* [TRY IT]:
Using the listing below, output only the lines from the one that contains "Uppveda Matbord 120" through the one that contains "Johnny Cash –", inclusive, exactly as given and without images.

* [LISTED RECORDS]:
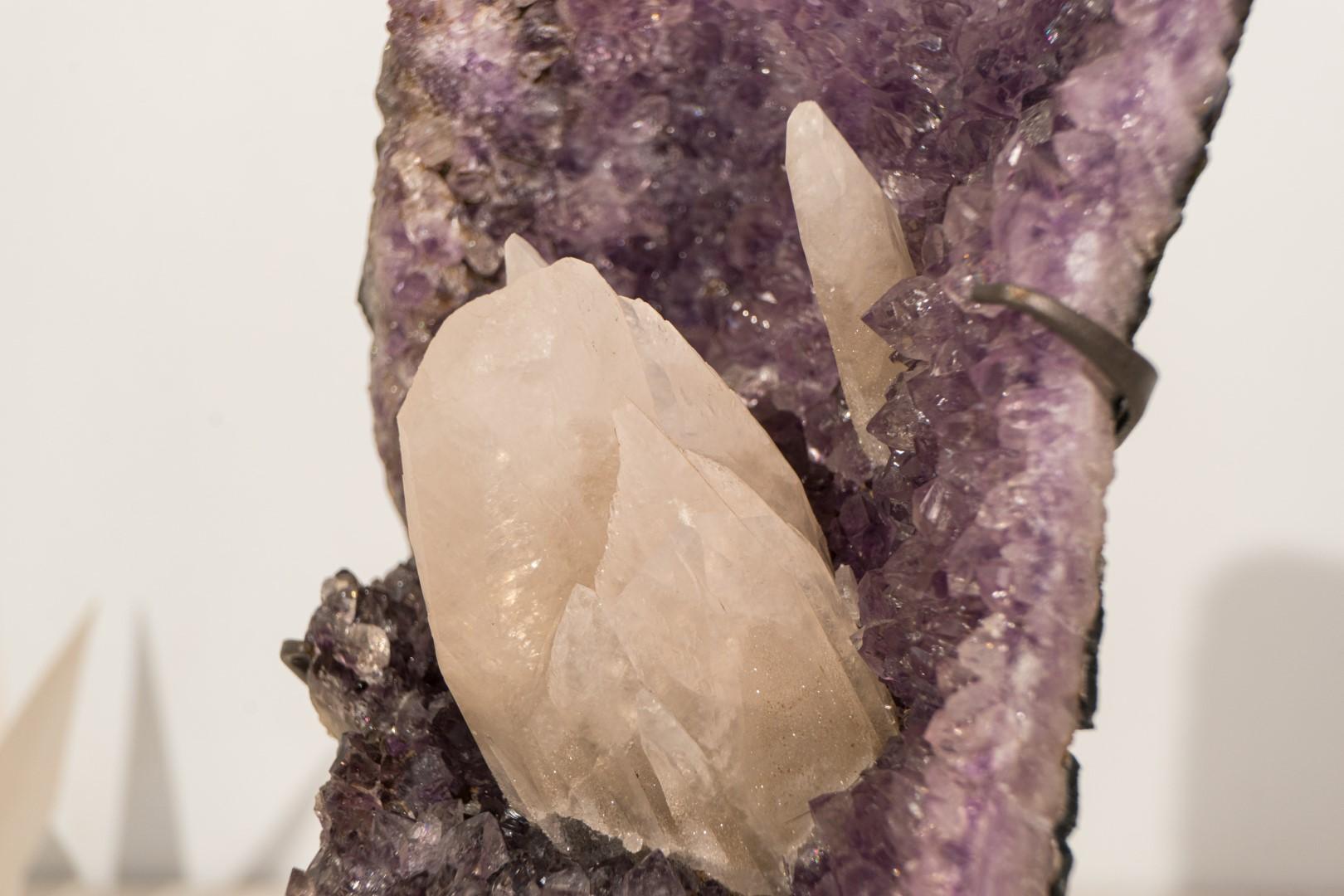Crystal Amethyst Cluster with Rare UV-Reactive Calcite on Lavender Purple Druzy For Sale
==
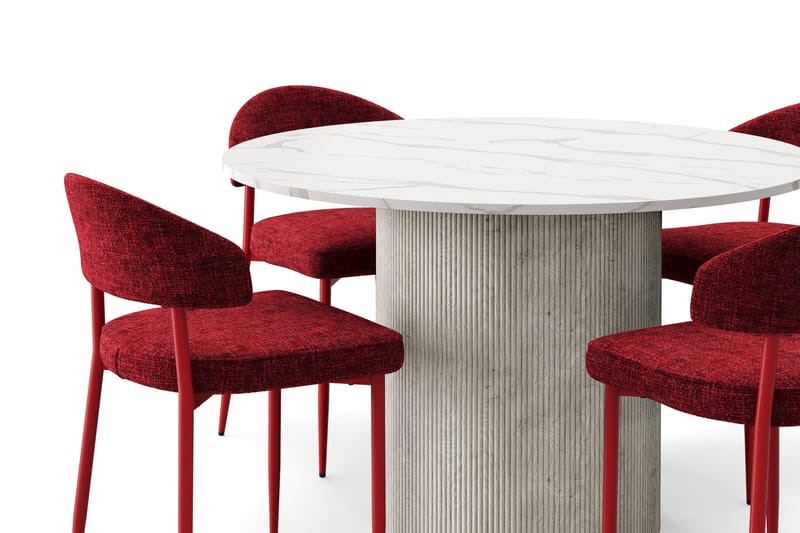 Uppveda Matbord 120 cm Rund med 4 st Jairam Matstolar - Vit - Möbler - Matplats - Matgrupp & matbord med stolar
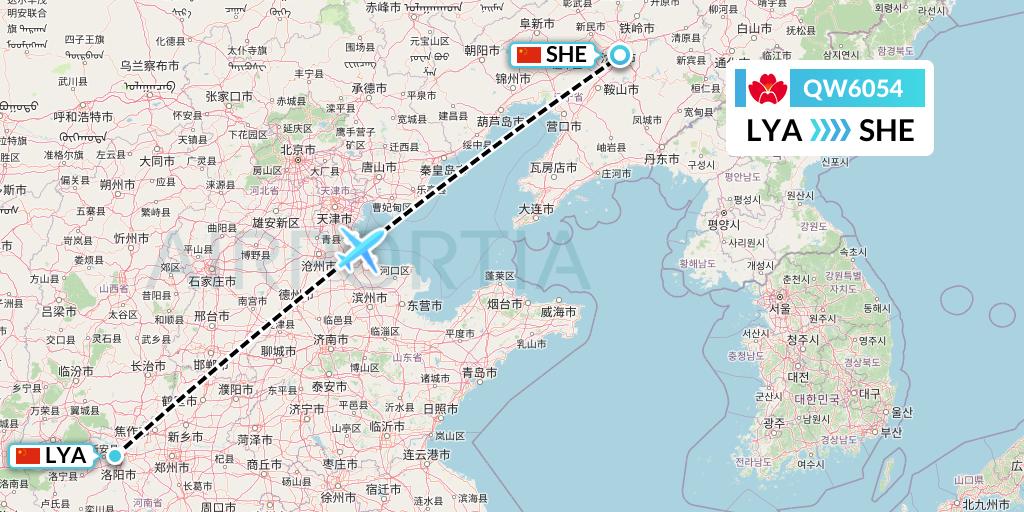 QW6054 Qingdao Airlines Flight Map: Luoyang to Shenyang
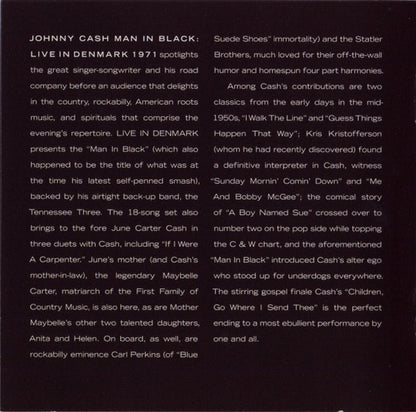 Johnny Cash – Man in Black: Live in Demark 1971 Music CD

* [RESULT FOR THIS TASK]:
 Uppveda Matbord 120 cm Rund med 4 st Jairam Matstolar - Vit - Möbler - Matplats - Matgrupp & matbord med stolar
 QW6054 Qingdao Airlines Flight Map: Luoyang to Shenyang
 Johnny Cash – Man in Black: Live in Demark 1971 Music CD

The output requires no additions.